Va-nu-pied échoués, princes déchus de la coccida, pirates de la C4, mes frères, si un jour vous avez eu besoin de leurs services vous me comprendrez. En un clin d’œil, aux quatre coins de la France, je saurai si vous connaissez l’endroit, je verrai si vous avez erré comme tant d’autres et je vous reconnaîtrai immanquablement à l’imperceptible étincelle humide que votre regard de looser dominical n’allume plus depuis longtemps.
Si vous vous êtes pointés un jour avec un chausson légèrement fatigué, une carre de ski pendouillante, le crampon fatigué, ou le trou encore fumant dans un ski joyeusement éventré je le saurai.
Si vous êtes arrivés pressés alors le résultat aura été encore pire. Il aura transformé cette superbe journée de galère en aventure culturelle et dadaïste.
Passé la porte vitrée, parfois vous croirez vous être trompés de langue, de pays, d’époque ou des trois en même temps ! Et si vous êtes attachés à l’ordre naturel des choses, que les réponses suivent les questions par exemple, vous serez encore plus surpris !
Si vous survivez au hiéroglyphique Patrick après un quart d’heure d’attente et d’infinie absence, dans un abandon psychologique verglaçant, peut être, pris de pitié alors, Pascal ôtera son casque et prendra le relais. Malheureusement nous dirons, il s’occupera de vous. Il réussira à vous culpabiliser sur le vide intersidéral de votre existence, à pointer du doigt l’incommensurable néant de votre avenir. Il vous expliquera que votre chausson/coque plastique/ski super cher/planche de surf de chez Romano est à moitié foutue, l’état de votre matos presque désespéré et votre caution dans le dernier cas évaporée. Votre total détachement du monde aidant ou la lecture assidue de St Augustin vous permettra peut être de relever la tête et de regarder Pascal dans les yeux.
Il vous expliquera alors que …peut être…et ils réussiront la réparation ultime, le recollage de la mort, la couture fatale… parce que ce sont des héros ! Des vrais ! Des artistes ! Des poètes ! Les derniers en tous cas et j’en ai rencontré un paquet dans ce milieu.

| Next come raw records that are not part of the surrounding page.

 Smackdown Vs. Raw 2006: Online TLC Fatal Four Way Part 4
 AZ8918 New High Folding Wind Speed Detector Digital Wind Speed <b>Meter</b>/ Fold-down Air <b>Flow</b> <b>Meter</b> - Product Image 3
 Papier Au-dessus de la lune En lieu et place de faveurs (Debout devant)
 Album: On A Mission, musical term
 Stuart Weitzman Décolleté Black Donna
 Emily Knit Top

Votre existence rebondira spectaculairement. Alors du looser total votre moral remontera de quelques points. Votre image auprès de votre copine décuplera. Ils répareront votre chausson, recolleront vos skis, et en plus ils ressouderont votre couple !

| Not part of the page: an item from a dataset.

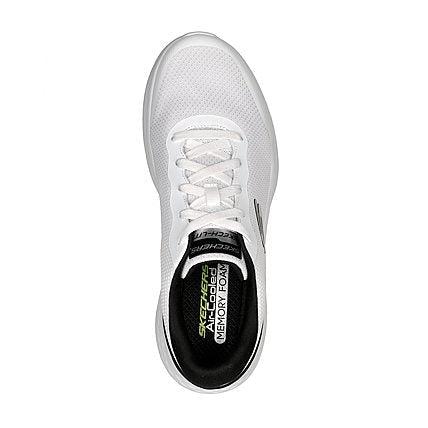 Men&#39;s Skech-Lite Pro Road Walking Shoes - White/Black-Skechers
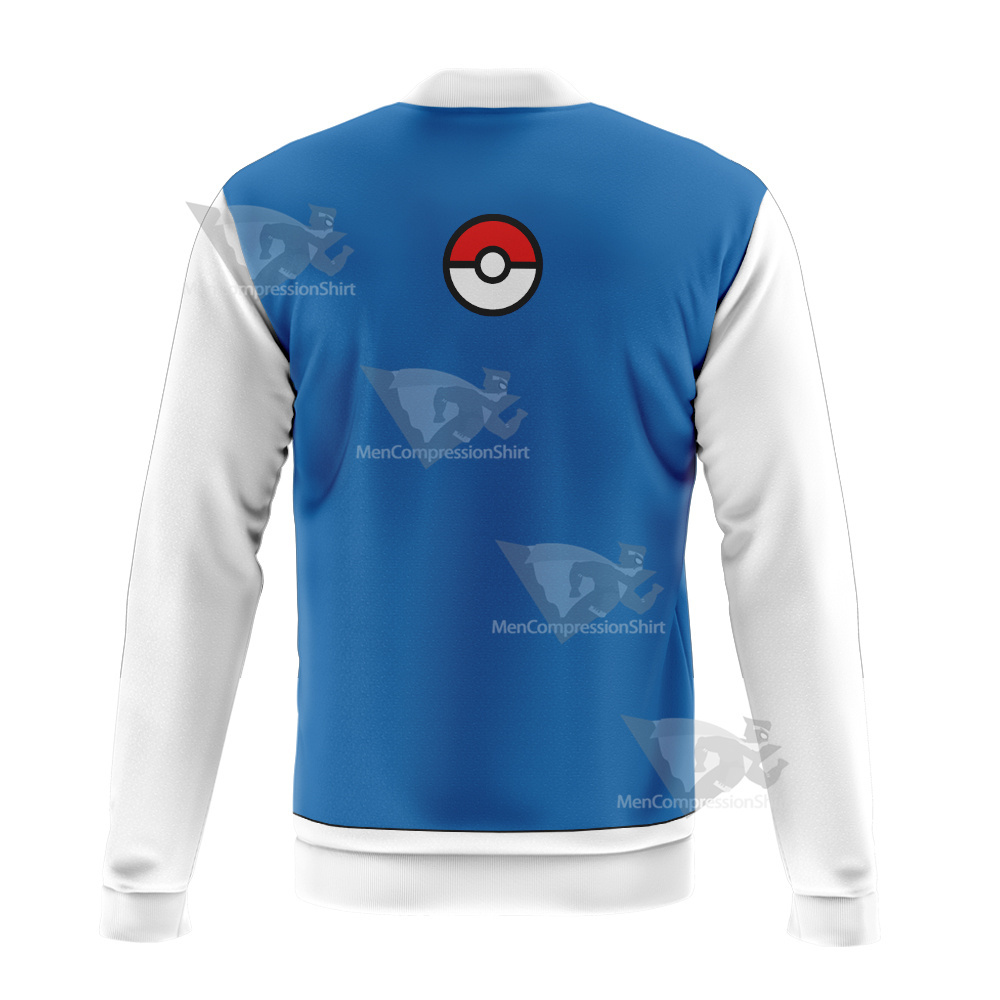 Pm Ash Ketchum M20 Bomber Jacket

4 jours plus tard vous reviendrez et vous abandonnerez une somme pas du tout raisonnable (un mois de salaire) pour récupérer vos chaussons refaits à neuf, vos skis dézingués, le sac à dos cadeau de vos 17 ans.
Vous serez alors prêts à échouer derechef sur un 6b de fillette, à nouveau sur ce 6a de m…. ou ce chef d’œuvre en 5b morphologiquement stupide ouvert par un certain René M.
Nonobstant, la réparation n’aura servi à rien sinon à capitaliser une retraite un peu plus dorée en Floride pour l’un des barbus et à finir de payer ce ranch en Patagonie pour l’autre avec pour premier voisin à 700 km Florent Pagny…(bon 700 km tout de même)
Si on survit au réchauffement climatique annoncé, à la grippe porcine, à 3 ans de Sarkozisme supplémentaires alors on se retrouvera peut être dans 5 ans pour une fête mémorable, un concours de mauvais jeux de mots et de phrases éteintes à jamais, parce que décalquées sur les murs, parce qu’accrochées au panthéon fumant de la cordonnerie comme des chorizos pendouillant virilement dans une auberge des Asturies.
On ne les remerciera jamais assez pour leurs cafés mous, leurs gâteaux durs, leurs étincelles pathologiques d’humour, leurs indéfinissables poésies déglinguées dans ce monde circoncis, stable et dépourvu d’aventure.
Et parce qu’ils ont créé aussi avec d’autres vagabonds du même acabit, dangereusement incontrôlables, la Maison de la Montagne, notre association, nous leur sommes immensément et définitivement reconnaissants.